Ernest Rutherford fired alpha particles (helium nuclei) at a sheet of gold foil rolled as thin as he could get it. Some of these particles passed straight through the foil, some bounced off at various angles, and some rebounded directly backwards.
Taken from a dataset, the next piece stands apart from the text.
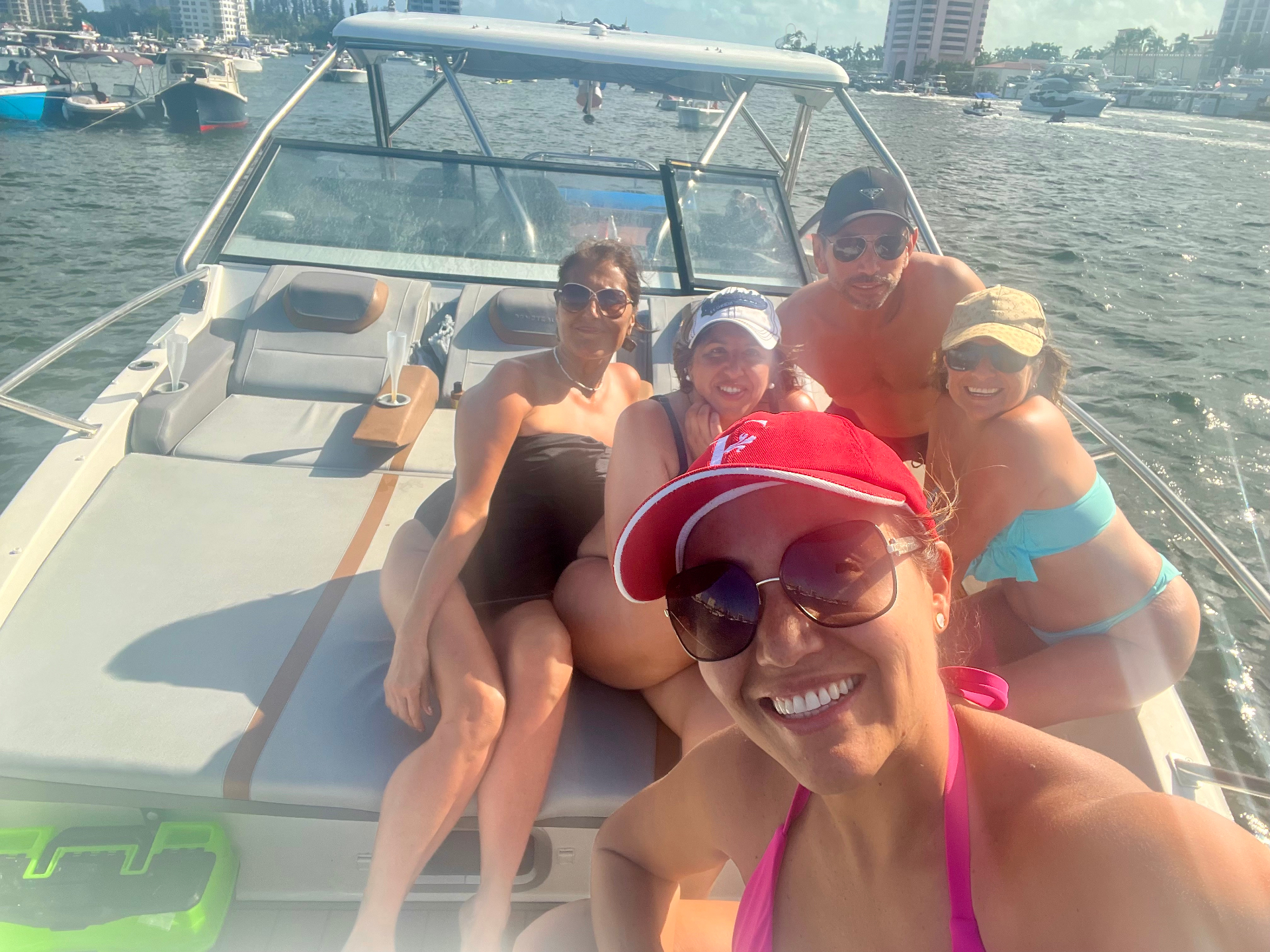 Friends enjoying a sandbar party at Haulover Sandbar on a Fort Lauderdale boat charter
From this experiment Rutherford induced the atomic nucleus.

If the initial speed of the alpha particles was 2.00*10^7 m/s, how close to an Au nucleus could a particle get before it bounced straight back?

Assume that, in a head-on collision with the nucleus, the He nucleus interacts only with the nucleus of gold. (Ignore the electron cloud around the gold ataom). At closest approach, the alpha particle's kinetic energy is converted to Coulomb potential energy of
(1/2) M Vo^2 = k Z1 Z2 / R

M is the He mass
V is the initial velocity
R is the closest approach to the nucleus
Z1 = 2 e (the charge of helium nucleus)
Z2 = 79 e
e = electron charge
k = Coulomb's-Law constant

Solve for R

To solve for R, we need to rearrange the equation (1/2) M Vo^2 = k Z1 Z2 / R to solve for R.

Since we are given the values for M, Vo, Z1, Z2, and k, we can substitute them into the equation:

(1/2) M (2.00*10^7 m/s)^2 = k (2 e) (79 e) / R

Simplifying the equation further:

M (2.00*10^7 m/s)^2 = (2 e)(79 e) k / R

Now, let's calculate the values:

M = mass of helium nucleus = 4 atomic mass units = 4 * (1.66 * 10^-27 kg) = 6.64 * 10^-27 kg

Vo = initial velocity of alpha particles = 2.00 * 10^7 m/s

k = Coulomb's Law constant = 8.99 * 10^9 N m^2 / C^2

e = charge of an electron = 1.6 * 10^-19 C

Z1 = 2e (charge of helium nucleus) = 2 * 1.6 * 10^-19 C = 3.2 * 10^-19 C

Z2 = 79e (charge of gold nucleus) = 79 * 1.6 * 10^-19 C = 1.264 * 10^-17 C

Now substitute the values into the equation:

(1/2) (6.64 * 10^-27 kg) (2.00 * 10^7 m/s)^2 = (3.2 * 10^-19 C) (1.264 * 10^-17 C) (8.99 * 10^9 N m^2 / C^2) / R

Simplifying:

(6.64 * 10^-27 kg) (4.00 * 10^14 m^2/s^2) = (3.2 * 10^-19 C) (1.264 * 10^-17 C) (8.99 * 10^9 N m^2 / C^2) / R

(2.66 * 10^-12 kg m^2/s^2) = (4.0512 * 10^-36 C^2) (8.99 * 10^9 N m^2 / C^2) / R

(2.66 * 10^-12 kg m^2/s^2) = (3.6478688 * 10^-26 N m^2 / R)

Now, rearrange the equation to solve for R:

R = (3.6478688 * 10^-26 N m^2) / (2.66 * 10^-12 kg m^2/s^2)

R = (3.6478688 * 10^-26 N m^2) * (s^2/kg m^2) / (2.66 * 10^-12 kg m^2)

R = (3.6478688 / 2.66) * 10^-26 / 10^-12 m

R = (1.3719 * 10^-14) m

R ≈ 1.37 * 10^-14 meters

Therefore, a particle can get as close as approximately 1.37 * 10^-14 meters to an Au nucleus before bouncing straight back.